De onderhavige uitspraak bewijst het gelijk van Arie Wit over de betekenis van de gewijzigde jurisprudentie over de voor de ZW geldende maatstaf ‘zijn arbeid’ voor eigenrisicodragers. Kort gezegd kan een eigenrisicodrager (ERD) wel degelijk ontkomen aan de verantwoordelijkheid voor de betaling van ziekengeld aan een voormalig werknemer die bij indiensttreding al ongeschikt was voor de bij de ERD uitgeoefende functie.

Uit de onderhavige uitspraak volgt dat de uitspraken van enerzijds 12 juli 2017, ECLI:NL:CRVB:2017:2465, ECLI:NL:CRVB:2017:2466, ECLI:NL:CRVB:2017:2504 en ECLI:NL:CRVB:2017:2507 en anderzijds die van (onder meer) CRvB 21 augustus 2019, ECLI:NL:CRVB:2019:2785 elkaar niet bijten. Gelet op de reeds gegeven aandacht voor deze uitspraken in de AR-annotatie van Arie Wit bij CRvB 21 augustus 2019, ECLI:NL:2019:2785, SZR Updates 2019-0033 zal ik deze uitspraken en het juridisch kader daarvan (zo) kort (mogelijk) weergeven. Vervolgens behandel ik de onderhavige uitspraak van CRvB 12 mei 2021, ECLI:NL:CRVB:2021:1128, bespreek ik de betekenis hiervan voor de ERD en ga ik in op de gevolgen voor de publiek verzekerde werkgevers.

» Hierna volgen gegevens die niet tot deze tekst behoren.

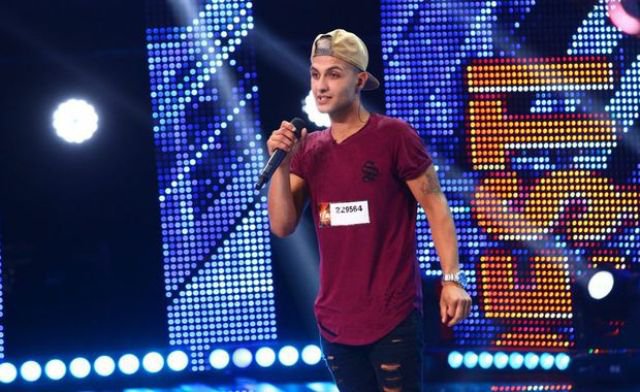 Anton Banaghan, orfanul de la X Factor, și-a regăsit mama biologică după ce a urcat pe scenă. L-a văzut la televizor și l-a contactat!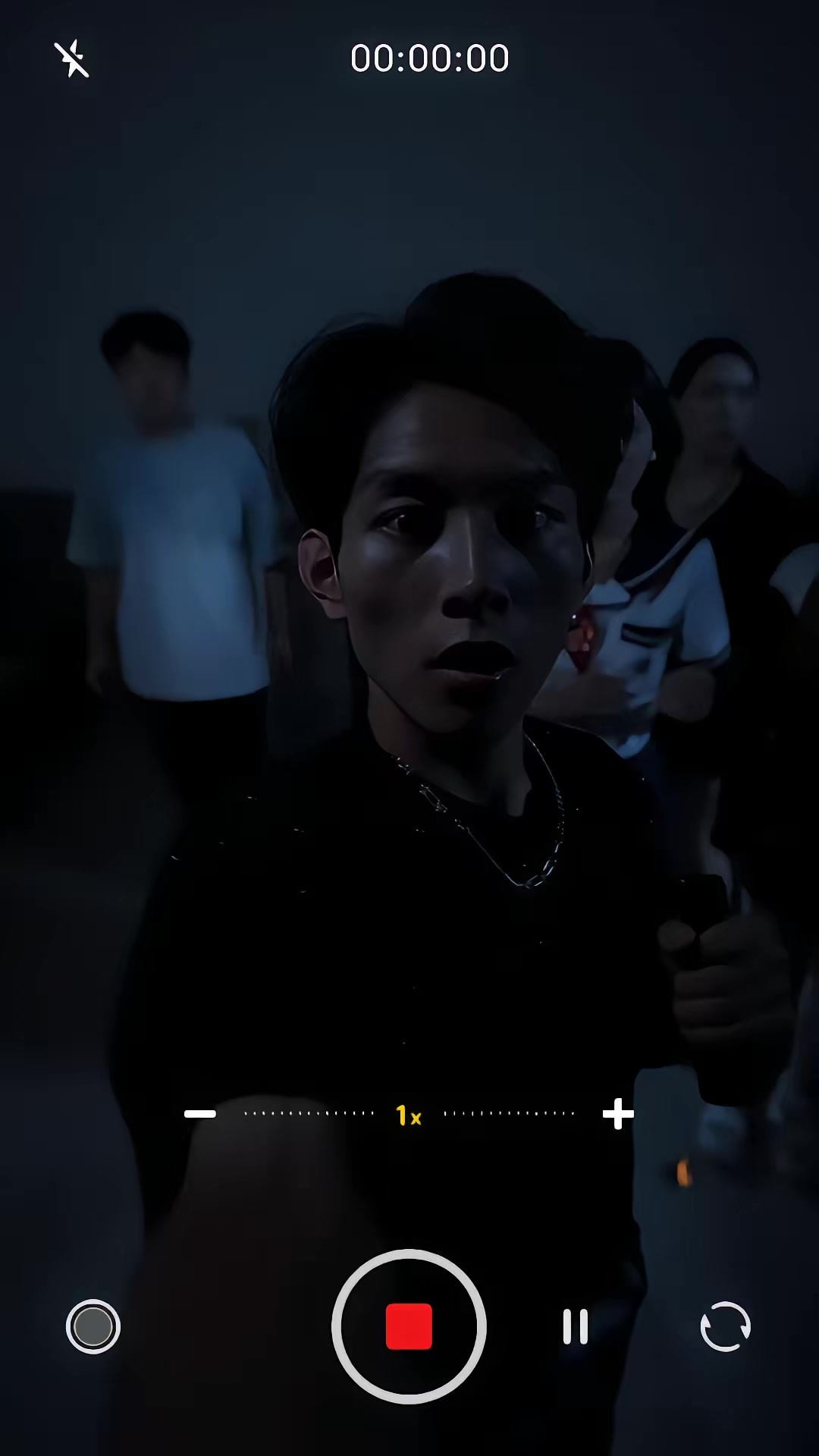 《招魂封宅詭影》劇照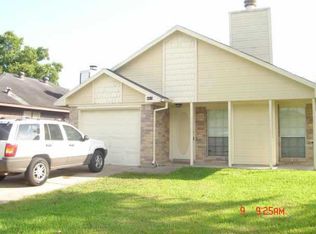 4913 Redbud Dr, Rosenberg, TX 77471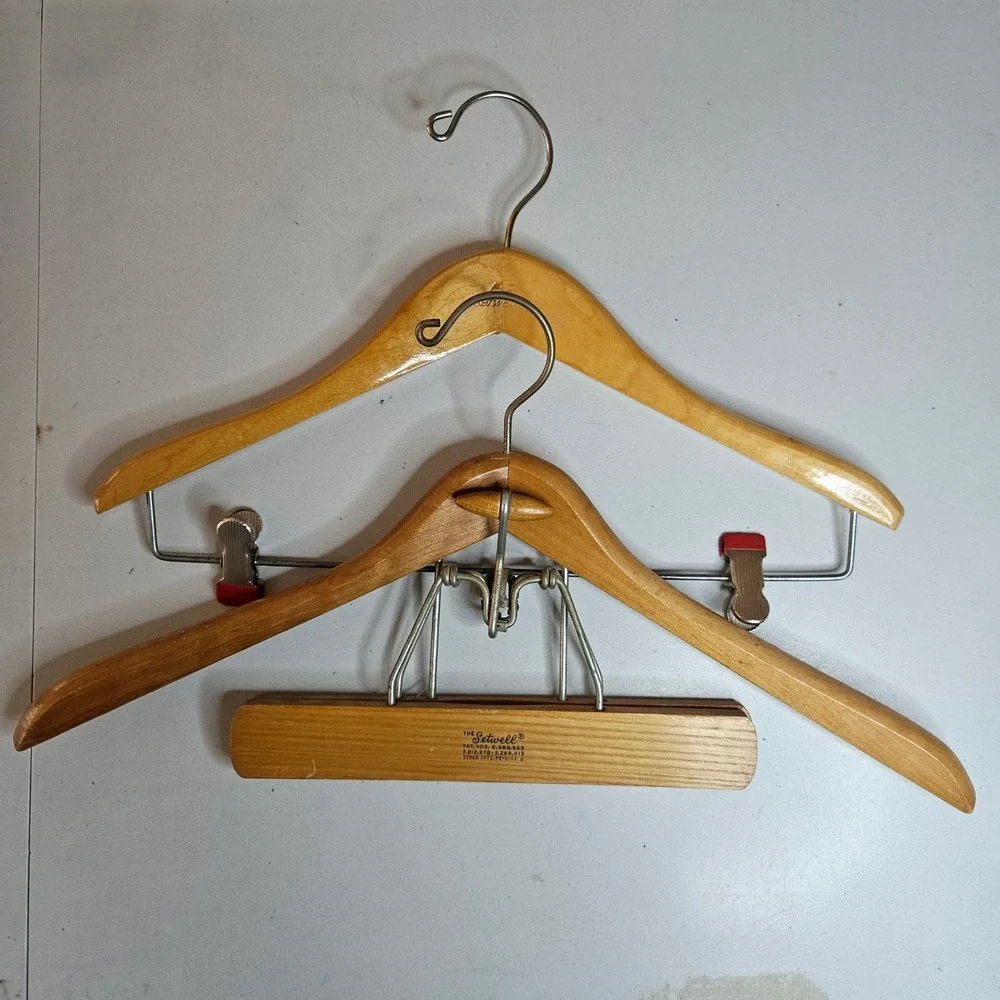 Vintage Setwell Wooden Hangers Set of 2 Suit Pant Skirt Clips Made in USA LS 19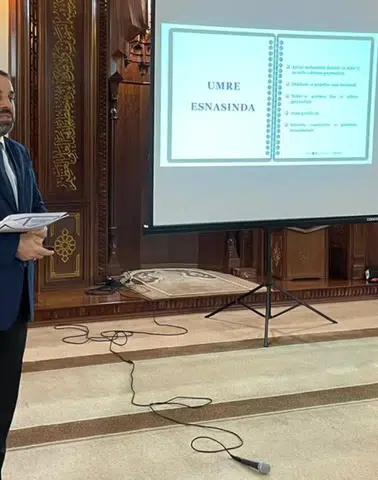 Rize’de Umreciler İçin Eğitim Semineri Düzenlendi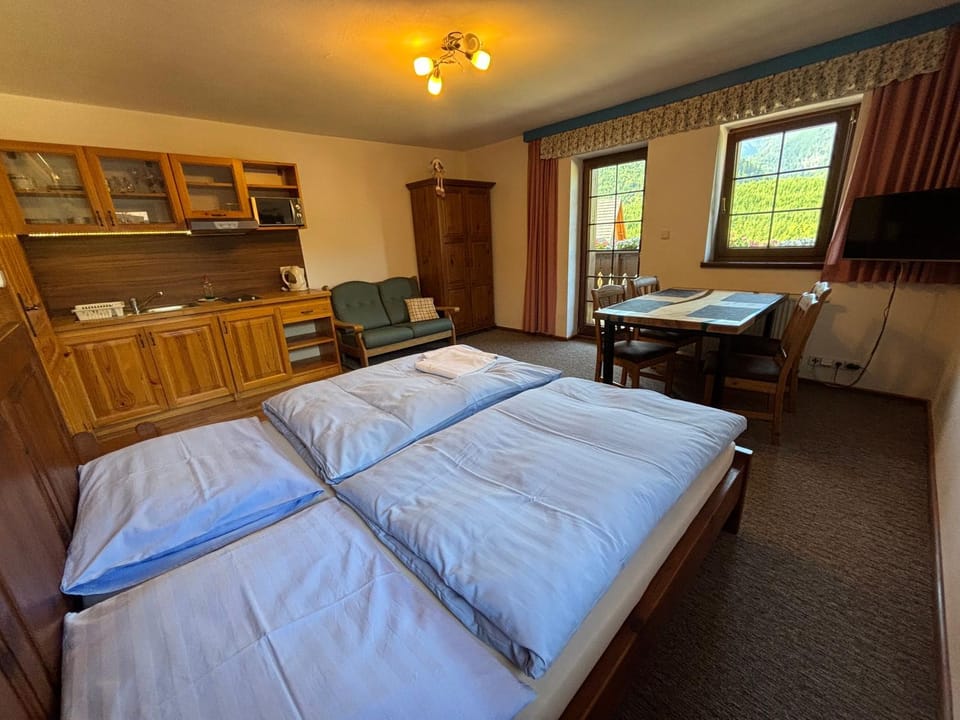 Penzion TATRY Restaurant GORAL Apartment in Slovakia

Artikel 19 ZW geeft regels over het recht op ziekengeld. Voorwaarde voor het recht op ziekengeld is dat de verzekerde ongeschikt is voor ‘zijn arbeid’. Volgens vaste rechtspraak van de Raad wordt onder ‘zijn arbeid’ verstaan de laatstelijk voor de ziekmelding verrichte arbeid. Na (ten minste) een jaar ziekte geldt voor verzekerden zonder werkgever, die niet in enige arbeid hebben hervat, als maatstaf gangbare arbeid, zoals die nader is geconcretiseerd in de eerstejaarsziektewetbeoordeling (EZWB) (art. 19aa ZW en 19ab ZW). Bij de EZWB dient de verzekerde voor het recht op ziekengeld niet alleen ongeschikt te zijn voor het verrichten van de laatstelijk verrichte arbeid, maar dient hij kort gezegd ook ten minste 35% verdienvermogen te hebben verloren. De vaststelling daarvan geschiedt overeenkomstig de regels voor de WIA-schatting. Zieke verzekerden die niet aan deze eis voldoen, zijn – evenals 35-minners na een doorlopen wachttijd – aangewezen op de WW.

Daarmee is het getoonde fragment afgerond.